Concernant les retours assistés, le Sénégal figure en 2009 en bonne place parmi les pays bénéficiaires des projets de réinsertion financés par la France dans le cadre du programme co-développement. On signale à ce titre 592 projets développés la même année en faveur de ressortissants de divers pays dont 53 ont été implantés au Sénégal. La plupart des politiques visant à encourager le retour des migrants sont préoccupées par le souci de promouvoir la durabilité de cette décision et de limiter ainsi les velléités de ré-émigration. Ce défi conduit en conséquence à envisager des programmes d’accompagnement et de soutien aux initiatives des candidats au retour, notamment à travers le soutien à la réintégration socioprofessionnelle et l’éducation financière, entre autres des stratégies destinées à promouvoir une réinsertion réussie. La gestion de ce volet de la migration nécessite le plus souvent d’être inscrite dans des approches globales à travers des actions programmatiques impliquant – en plus des partenaires au développement et des porteurs de projets de réinsertion – les administrations sectorielles, les organisations de la société civile et, de plus en plus, le secteur privé.

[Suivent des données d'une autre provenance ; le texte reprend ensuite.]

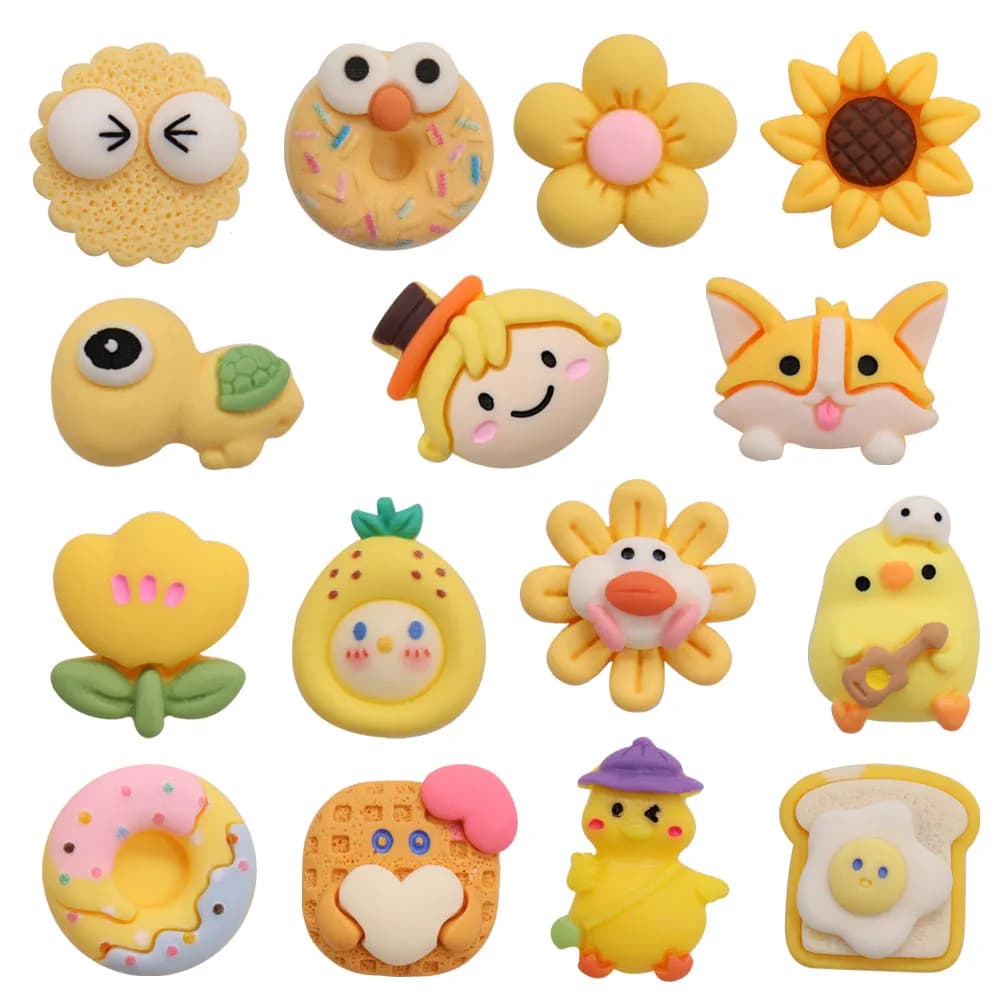 1-15pcs Resin Shoe Accessories Yellow Chicken Turtle Sunflower Dount Shoes Charms Decoration Fit Boys Girls Party Gift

Conclusions et recommandations
La situation des immigrés dans les pays d’Afrique de l’Ouest est quelque peu mal renseignée. Les études et les données statistiques sur les immigrés dans la région sont parcellaires, voire pour certains pays quasi-inexistantes. Cet état de fait résulte en grande partie de l’inexistence, tant de mécanismes institutionnels en charge de l’examen des questions relatives à l’intégration des immigrés, que de programmes et projets spécifiquement dédiés à cette cible.

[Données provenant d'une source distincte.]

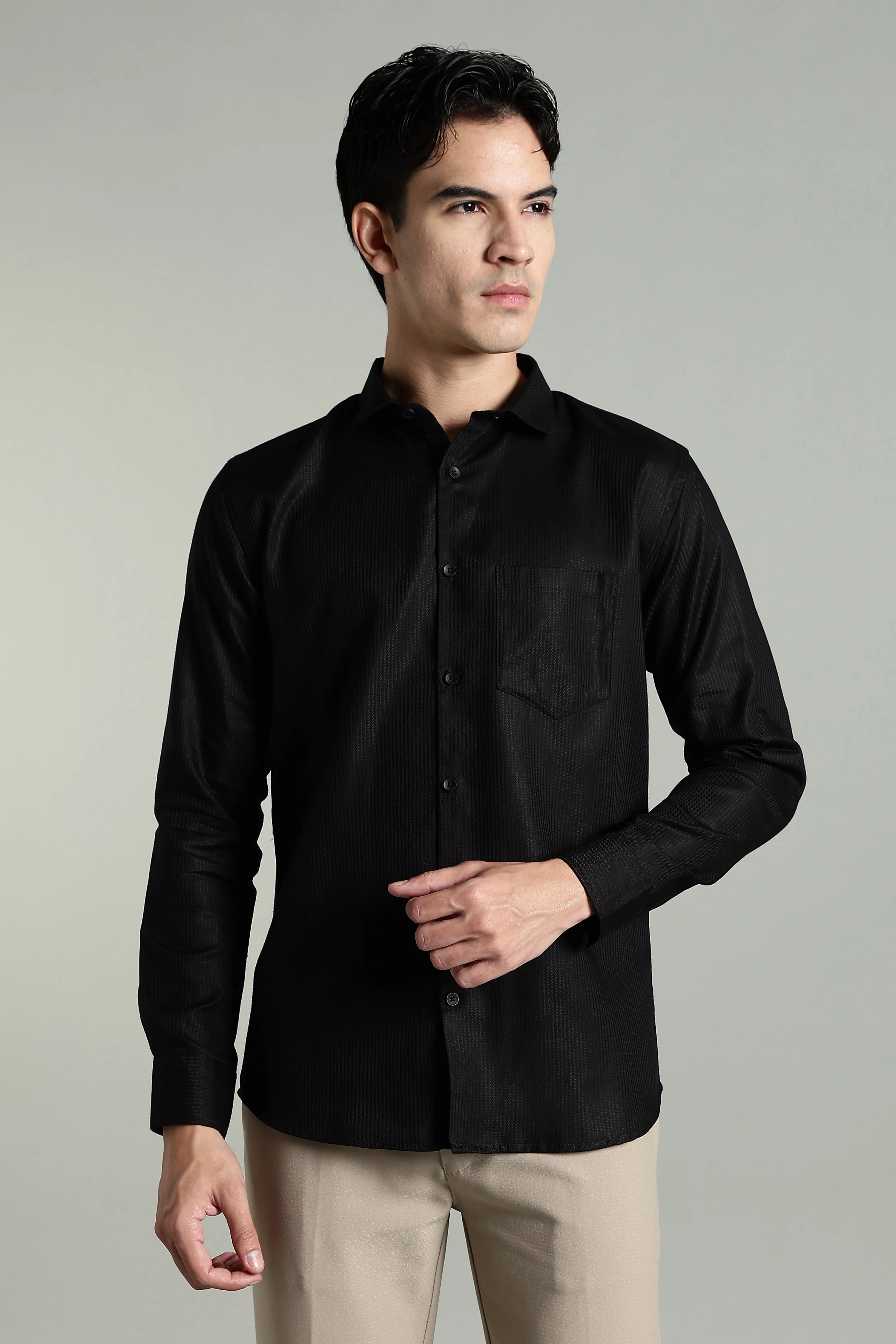 Men Stria Black Solid Shirt - Image 6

Par ailleurs les peu de données disponibles indiquent que la situation des immigrés, globalement, n’est pas entièrement satisfaisante. Majoritairement peu instruits et clandestins, les immigrés ont un accès limité à des emplois qualifiés et rémunérateurs. Si les cas de réussite individuelle ne sont pas rares, en particulier dans l’artisanat ou la restauration (cas des immigrés sénégalais en Côte d’Ivoire) ou encore les activités de pointe pour les plus qualifiés, il n’en demeure pas moins que la majorité des immigrés d’Afrique de l’Ouest ont des conditions de vie globalement peu satisfaisantes tel que l’illustre l’exemple du Ghana. En effet, au même titre que les populations qui les accueillent, les immigrés sont en butte au chômage, au sous-emploi, et connaissent des difficultés significatives d’accès aux services sociaux de base (éducation, santé, logement, eau, assainissement, etc.).

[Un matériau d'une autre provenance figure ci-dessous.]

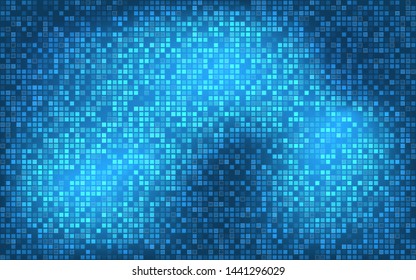 Modern blue abstract background with transparent squares, simple mosaic pattern, vector illustration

Ce constat suggère que la question de la mise en conformité des normes législatives et réglementaires des pays de la région aux normes régionales et internationales en vigueur, et leur application effective – tout comme celle relative à la mise en œuvre de programmes et projets spécifiquement destinés à lever les contraintes qui restreignent l’accès des immigrés à de meilleures conditions de vie dans les pays d’accueil – doivent être posées. Toutefois, ces mesures impliquent au préalable que des études destinées à améliorer les connaissances.